I’m glad the story got told.

A lot of people don’t understand my fascination with Commodore. A story early in the book sums it up nicely. Atari was developing the 2600, and had three design teams on it. One team was using Motorola chips, one was using Intel chips, and the third was using MOS Technology chips, which was the company Commodore would end up buying and folding into its Commodore Semiconductor Group.

MOS asked Atari what price point it was looking for. At the time, a typical price for a microprocessor and associated I/O chips was $150. Atari said it wanted to pay $12.

MOS found a way to deliver what Atari wanted for $12. If you ever wondered why Atari used the hopelessly crippled 6507 CPU rather than a full-blown 6502 (itself a very cut-down chip), that’s why. At the time, the 6502 alone was selling for $25.

That’s my kind of company.

I’ve only read the first couple of chapters. I think the writing is pretty good but it wasn’t edited very well (there are several instances of misused apostrophes, for example). My biggest gripe is its lack of an index, so if I ever want to pull the book off the shelf and find that Atari 2600 story, it’s going to take some work to find it.

I’ll follow up with a more complete review when I finish it.

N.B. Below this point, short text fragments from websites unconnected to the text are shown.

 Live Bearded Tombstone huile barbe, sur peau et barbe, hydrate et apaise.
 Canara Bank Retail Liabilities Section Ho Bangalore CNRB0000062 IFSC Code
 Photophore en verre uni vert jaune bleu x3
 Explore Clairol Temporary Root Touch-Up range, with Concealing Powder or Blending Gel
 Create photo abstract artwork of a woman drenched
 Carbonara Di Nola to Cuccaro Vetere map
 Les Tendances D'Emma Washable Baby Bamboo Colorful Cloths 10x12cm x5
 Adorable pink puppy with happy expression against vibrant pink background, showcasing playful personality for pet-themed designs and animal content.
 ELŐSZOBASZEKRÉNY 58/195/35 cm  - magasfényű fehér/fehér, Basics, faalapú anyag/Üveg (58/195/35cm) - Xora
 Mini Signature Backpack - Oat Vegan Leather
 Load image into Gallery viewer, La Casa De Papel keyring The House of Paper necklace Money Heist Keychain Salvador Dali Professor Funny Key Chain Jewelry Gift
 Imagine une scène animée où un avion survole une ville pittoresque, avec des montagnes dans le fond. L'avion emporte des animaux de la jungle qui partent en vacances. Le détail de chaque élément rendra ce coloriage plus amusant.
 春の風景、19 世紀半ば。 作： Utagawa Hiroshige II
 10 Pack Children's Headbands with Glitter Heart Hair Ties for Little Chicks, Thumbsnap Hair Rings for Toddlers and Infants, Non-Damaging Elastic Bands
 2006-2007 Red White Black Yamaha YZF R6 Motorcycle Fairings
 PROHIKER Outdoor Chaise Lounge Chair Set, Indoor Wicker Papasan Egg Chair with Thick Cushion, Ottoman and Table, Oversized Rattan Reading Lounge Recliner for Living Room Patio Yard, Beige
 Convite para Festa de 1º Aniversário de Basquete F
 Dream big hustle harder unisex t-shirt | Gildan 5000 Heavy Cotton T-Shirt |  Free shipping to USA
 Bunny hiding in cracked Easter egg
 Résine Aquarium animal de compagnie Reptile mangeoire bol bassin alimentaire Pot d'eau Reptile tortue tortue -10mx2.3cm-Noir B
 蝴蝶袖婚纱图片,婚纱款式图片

I really, really wanted to write a book like this one back in 1995 after Commodore imploded for the last time, but I had no idea where to start.

One thing I learned from skipping to the back (I was looking for the index) is that financier Irving Gould died in 2001. I’m very surprised the first I heard of it was in this book. There’s plenty of blame to go around in the story of Commodore’s ultimate failure, but nobody but nobody was more despised than Gould. Mark Stephens (Robert X. Cringely)’s assessment that Commodore was Gould’s stock scam is an oversimplification, but to many people it certainly appeared that way.

Another important thing I learned was that Chuck Peddle, the inventor of the 6502 and the original PET computer, struck up a friendship with a computer science professor in Iowa. Every year, this professor would send the brightest, weirdest student he had to Peddle. That’s where Commodore got its brilliant engineers.

Note to self (and anyone else who’s listening): If you want to start a company and you want it to take off like a rocket, hire the brightest, weirdest people you can find. If you’re more interested in changing the world than in running a stock scam, after you hire them, do what you have to do to keep them happy and stay out of their way.